START Material to process

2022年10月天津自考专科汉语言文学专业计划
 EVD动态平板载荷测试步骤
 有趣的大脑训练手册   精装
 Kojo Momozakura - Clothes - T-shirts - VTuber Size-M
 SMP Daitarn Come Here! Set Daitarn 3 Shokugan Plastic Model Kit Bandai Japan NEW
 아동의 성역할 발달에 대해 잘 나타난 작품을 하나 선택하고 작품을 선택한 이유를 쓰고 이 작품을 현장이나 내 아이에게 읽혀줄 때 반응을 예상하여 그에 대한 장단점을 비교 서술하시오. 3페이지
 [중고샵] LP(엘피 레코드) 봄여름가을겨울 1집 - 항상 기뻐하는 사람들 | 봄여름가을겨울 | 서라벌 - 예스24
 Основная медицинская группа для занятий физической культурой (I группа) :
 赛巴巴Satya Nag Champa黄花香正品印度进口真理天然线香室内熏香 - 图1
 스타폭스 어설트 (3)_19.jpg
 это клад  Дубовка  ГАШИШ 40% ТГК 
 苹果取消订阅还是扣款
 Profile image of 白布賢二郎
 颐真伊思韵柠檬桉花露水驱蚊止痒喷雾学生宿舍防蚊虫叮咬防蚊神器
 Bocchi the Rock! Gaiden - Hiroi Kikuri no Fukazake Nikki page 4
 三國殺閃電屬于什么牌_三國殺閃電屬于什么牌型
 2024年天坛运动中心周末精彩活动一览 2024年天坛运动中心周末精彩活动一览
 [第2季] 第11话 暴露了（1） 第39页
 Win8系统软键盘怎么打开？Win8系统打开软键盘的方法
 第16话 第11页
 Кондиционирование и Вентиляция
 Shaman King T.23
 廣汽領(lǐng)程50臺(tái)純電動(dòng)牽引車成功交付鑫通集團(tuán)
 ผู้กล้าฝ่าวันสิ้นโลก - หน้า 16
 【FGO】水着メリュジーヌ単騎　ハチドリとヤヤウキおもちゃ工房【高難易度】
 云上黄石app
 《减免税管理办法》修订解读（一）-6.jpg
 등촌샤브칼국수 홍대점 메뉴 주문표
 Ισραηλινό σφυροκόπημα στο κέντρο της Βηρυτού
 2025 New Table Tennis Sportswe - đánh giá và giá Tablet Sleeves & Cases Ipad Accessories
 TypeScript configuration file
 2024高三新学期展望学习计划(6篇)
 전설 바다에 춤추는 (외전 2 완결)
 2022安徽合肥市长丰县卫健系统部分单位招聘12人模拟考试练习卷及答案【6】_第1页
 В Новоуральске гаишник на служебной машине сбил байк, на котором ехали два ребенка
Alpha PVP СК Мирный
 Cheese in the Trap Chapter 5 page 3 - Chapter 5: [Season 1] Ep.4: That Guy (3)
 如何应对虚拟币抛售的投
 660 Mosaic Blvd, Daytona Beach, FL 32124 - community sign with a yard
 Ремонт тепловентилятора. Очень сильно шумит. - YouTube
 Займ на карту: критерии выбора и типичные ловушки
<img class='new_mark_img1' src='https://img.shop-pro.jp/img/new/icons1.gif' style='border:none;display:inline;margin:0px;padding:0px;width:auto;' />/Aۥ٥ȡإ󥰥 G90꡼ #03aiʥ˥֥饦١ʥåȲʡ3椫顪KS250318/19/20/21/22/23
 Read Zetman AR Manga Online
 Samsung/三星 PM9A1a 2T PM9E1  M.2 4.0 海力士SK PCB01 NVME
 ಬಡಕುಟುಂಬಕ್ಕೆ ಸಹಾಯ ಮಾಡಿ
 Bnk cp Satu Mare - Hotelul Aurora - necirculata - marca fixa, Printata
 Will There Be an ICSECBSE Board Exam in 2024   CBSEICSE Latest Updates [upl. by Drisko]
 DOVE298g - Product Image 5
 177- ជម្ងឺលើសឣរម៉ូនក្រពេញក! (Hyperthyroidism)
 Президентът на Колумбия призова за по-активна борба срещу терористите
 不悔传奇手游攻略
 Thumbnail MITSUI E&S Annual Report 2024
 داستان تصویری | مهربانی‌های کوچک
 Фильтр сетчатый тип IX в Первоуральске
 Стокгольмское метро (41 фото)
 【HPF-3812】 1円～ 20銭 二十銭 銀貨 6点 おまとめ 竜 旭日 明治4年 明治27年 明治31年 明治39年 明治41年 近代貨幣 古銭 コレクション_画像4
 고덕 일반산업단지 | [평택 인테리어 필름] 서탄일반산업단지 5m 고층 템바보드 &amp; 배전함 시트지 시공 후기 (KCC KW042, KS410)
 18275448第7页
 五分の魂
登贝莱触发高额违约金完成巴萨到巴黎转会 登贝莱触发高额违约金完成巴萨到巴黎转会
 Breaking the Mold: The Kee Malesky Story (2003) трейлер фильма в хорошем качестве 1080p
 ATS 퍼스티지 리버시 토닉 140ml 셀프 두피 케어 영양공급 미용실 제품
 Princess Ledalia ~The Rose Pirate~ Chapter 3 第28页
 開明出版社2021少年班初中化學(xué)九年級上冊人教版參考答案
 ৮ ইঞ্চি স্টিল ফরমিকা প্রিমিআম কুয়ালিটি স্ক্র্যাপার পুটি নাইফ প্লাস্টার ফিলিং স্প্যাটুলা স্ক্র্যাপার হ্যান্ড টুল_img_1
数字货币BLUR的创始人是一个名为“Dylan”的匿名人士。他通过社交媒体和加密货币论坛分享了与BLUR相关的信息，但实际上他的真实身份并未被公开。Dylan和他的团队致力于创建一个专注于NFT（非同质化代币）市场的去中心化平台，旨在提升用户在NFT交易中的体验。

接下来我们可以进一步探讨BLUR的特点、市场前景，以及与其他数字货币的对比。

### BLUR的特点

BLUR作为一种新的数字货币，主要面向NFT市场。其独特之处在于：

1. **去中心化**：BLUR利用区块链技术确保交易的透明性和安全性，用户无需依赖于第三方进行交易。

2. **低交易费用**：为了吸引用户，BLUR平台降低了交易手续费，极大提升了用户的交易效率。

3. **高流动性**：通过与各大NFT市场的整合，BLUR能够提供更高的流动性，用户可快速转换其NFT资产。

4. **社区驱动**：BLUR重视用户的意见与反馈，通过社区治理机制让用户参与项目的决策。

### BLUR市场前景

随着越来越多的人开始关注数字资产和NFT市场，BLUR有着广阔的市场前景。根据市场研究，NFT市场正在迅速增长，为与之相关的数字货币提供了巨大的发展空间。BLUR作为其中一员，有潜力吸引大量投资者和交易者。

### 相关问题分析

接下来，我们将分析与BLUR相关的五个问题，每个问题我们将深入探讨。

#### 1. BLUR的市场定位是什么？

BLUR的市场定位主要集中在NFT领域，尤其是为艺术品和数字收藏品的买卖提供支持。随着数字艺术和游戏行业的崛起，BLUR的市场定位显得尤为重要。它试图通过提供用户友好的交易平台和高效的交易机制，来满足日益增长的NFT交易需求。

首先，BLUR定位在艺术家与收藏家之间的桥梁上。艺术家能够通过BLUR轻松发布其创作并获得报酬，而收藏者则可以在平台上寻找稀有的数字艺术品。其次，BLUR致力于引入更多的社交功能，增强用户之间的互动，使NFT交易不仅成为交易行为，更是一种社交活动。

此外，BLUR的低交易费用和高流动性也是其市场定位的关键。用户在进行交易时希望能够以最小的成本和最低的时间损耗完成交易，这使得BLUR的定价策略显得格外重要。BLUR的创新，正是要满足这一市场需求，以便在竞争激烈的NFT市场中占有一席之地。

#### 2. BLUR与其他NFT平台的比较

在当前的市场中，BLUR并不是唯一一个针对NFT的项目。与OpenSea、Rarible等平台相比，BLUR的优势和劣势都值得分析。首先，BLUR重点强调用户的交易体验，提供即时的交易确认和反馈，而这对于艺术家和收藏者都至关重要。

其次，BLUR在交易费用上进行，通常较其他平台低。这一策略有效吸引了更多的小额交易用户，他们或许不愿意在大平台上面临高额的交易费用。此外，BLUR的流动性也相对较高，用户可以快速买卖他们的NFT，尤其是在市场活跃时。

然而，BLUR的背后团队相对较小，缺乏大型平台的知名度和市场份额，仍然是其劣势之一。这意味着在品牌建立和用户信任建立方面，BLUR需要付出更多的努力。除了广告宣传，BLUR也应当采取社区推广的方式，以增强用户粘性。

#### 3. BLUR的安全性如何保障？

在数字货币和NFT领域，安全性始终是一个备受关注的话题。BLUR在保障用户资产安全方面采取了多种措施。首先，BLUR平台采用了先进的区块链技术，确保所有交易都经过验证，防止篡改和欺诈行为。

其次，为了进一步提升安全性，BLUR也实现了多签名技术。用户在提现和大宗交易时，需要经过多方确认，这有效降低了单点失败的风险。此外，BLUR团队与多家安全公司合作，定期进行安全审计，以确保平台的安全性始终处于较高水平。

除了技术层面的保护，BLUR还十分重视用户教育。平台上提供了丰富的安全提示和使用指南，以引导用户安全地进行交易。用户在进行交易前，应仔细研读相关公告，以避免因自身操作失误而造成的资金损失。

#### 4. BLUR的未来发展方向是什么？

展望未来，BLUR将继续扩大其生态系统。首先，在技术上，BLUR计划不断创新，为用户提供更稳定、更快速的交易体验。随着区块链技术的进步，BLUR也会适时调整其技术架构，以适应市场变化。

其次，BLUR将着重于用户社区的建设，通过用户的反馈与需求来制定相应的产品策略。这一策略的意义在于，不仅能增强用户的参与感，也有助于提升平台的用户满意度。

END Material to process

◆ **Goal of the exercise**:
Repeat exactly the lines of the listing from its first line through the line that holds "[중고샵] LP(엘피 레코드)". Nothing else should appear.

◆ **Solution to the problem**:
2022年10月天津自考专科汉语言文学专业计划
 EVD动态平板载荷测试步骤
 有趣的大脑训练手册   精装
 Kojo Momozakura - Clothes - T-shirts - VTuber Size-M
 SMP Daitarn Come Here! Set Daitarn 3 Shokugan Plastic Model Kit Bandai Japan NEW
 아동의 성역할 발달에 대해 잘 나타난 작품을 하나 선택하고 작품을 선택한 이유를 쓰고 이 작품을 현장이나 내 아이에게 읽혀줄 때 반응을 예상하여 그에 대한 장단점을 비교 서술하시오. 3페이지
 [중고샵] LP(엘피 레코드) 봄여름가을겨울 1집 - 항상 기뻐하는 사람들 | 봄여름가을겨울 | 서라벌 - 예스24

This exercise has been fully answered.